• _Image-text web data_:
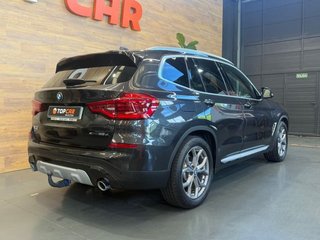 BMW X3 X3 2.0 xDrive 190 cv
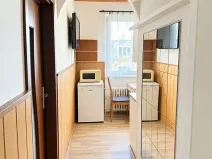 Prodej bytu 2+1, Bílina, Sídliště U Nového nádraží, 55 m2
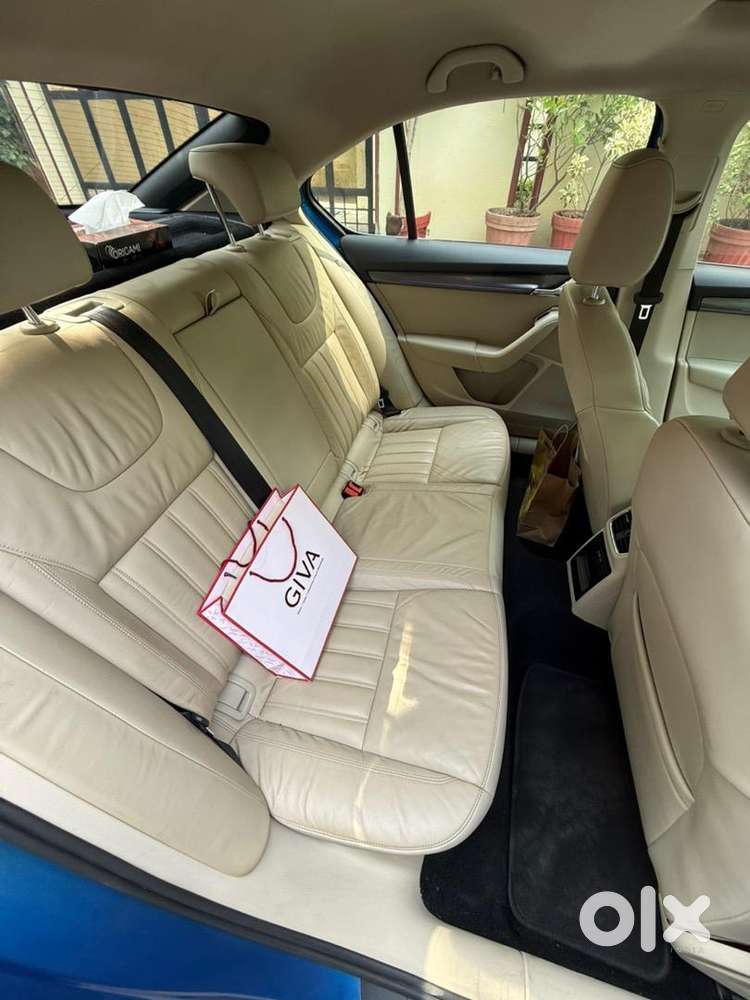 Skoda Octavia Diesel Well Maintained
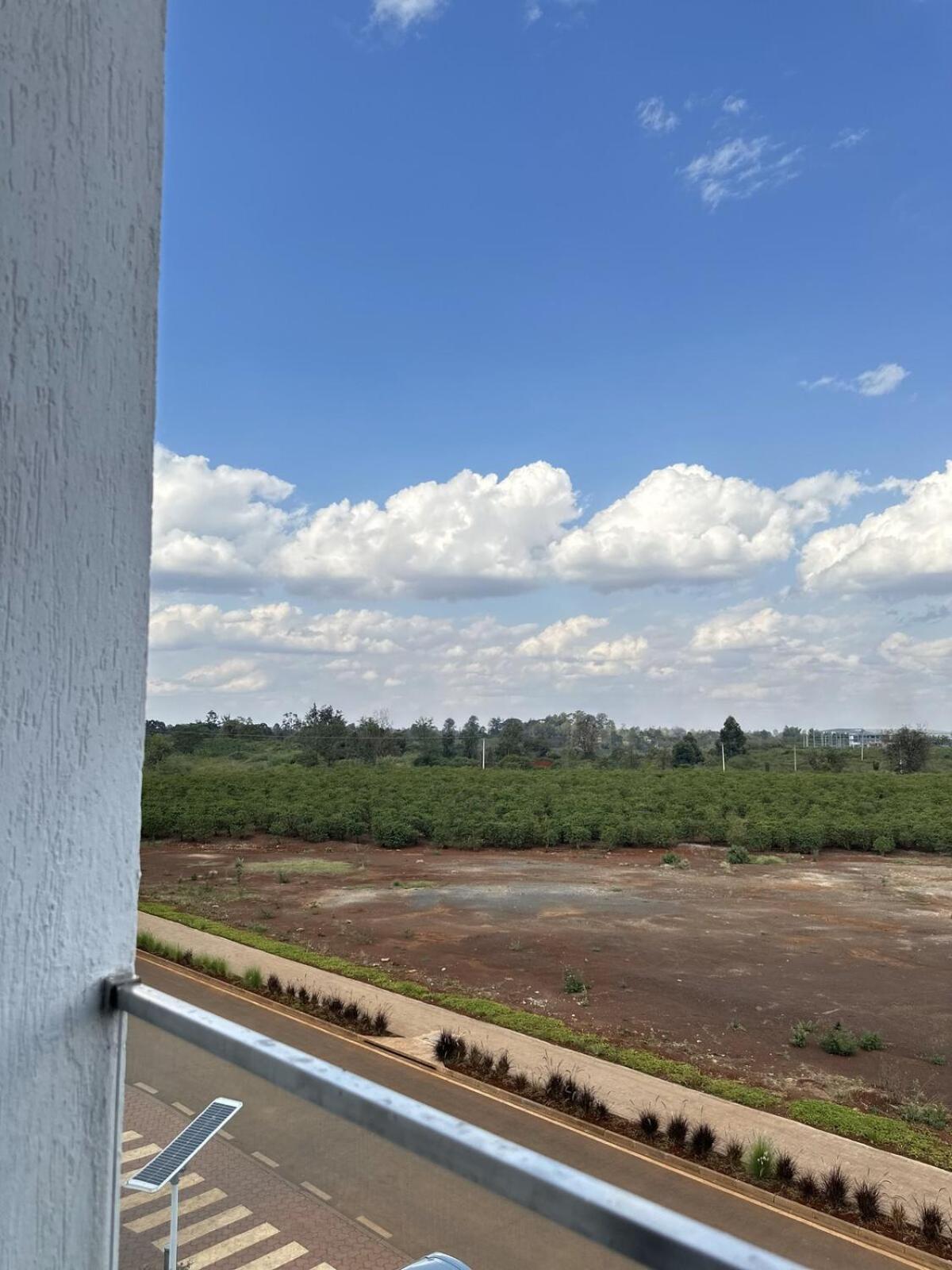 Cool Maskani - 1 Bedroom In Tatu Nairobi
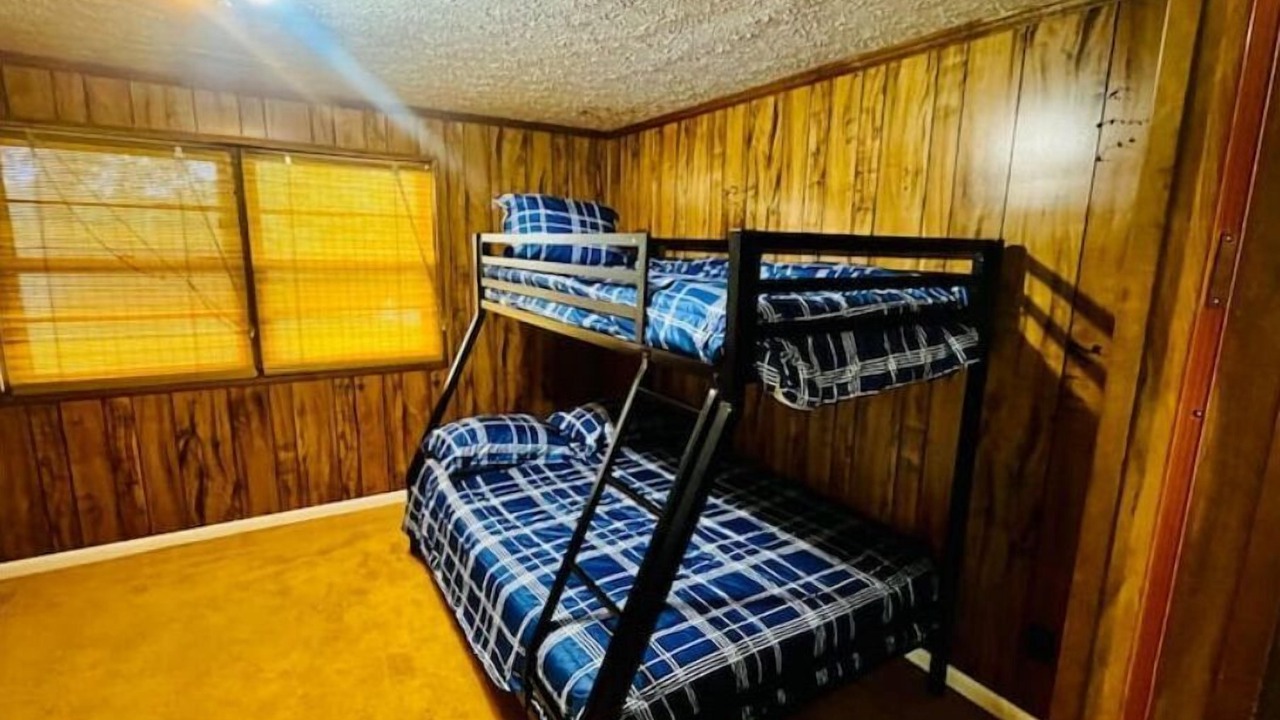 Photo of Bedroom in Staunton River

• _What the task requires_:
Could the data above be reproduced exactly, with the pictures left out?

• _Solution below_:
 BMW X3 X3 2.0 xDrive 190 cv
 Prodej bytu 2+1, Bílina, Sídliště U Nového nádraží, 55 m2
 Skoda Octavia Diesel Well Maintained
 Cool Maskani - 1 Bedroom In Tatu Nairobi
 Photo of Bedroom in Staunton River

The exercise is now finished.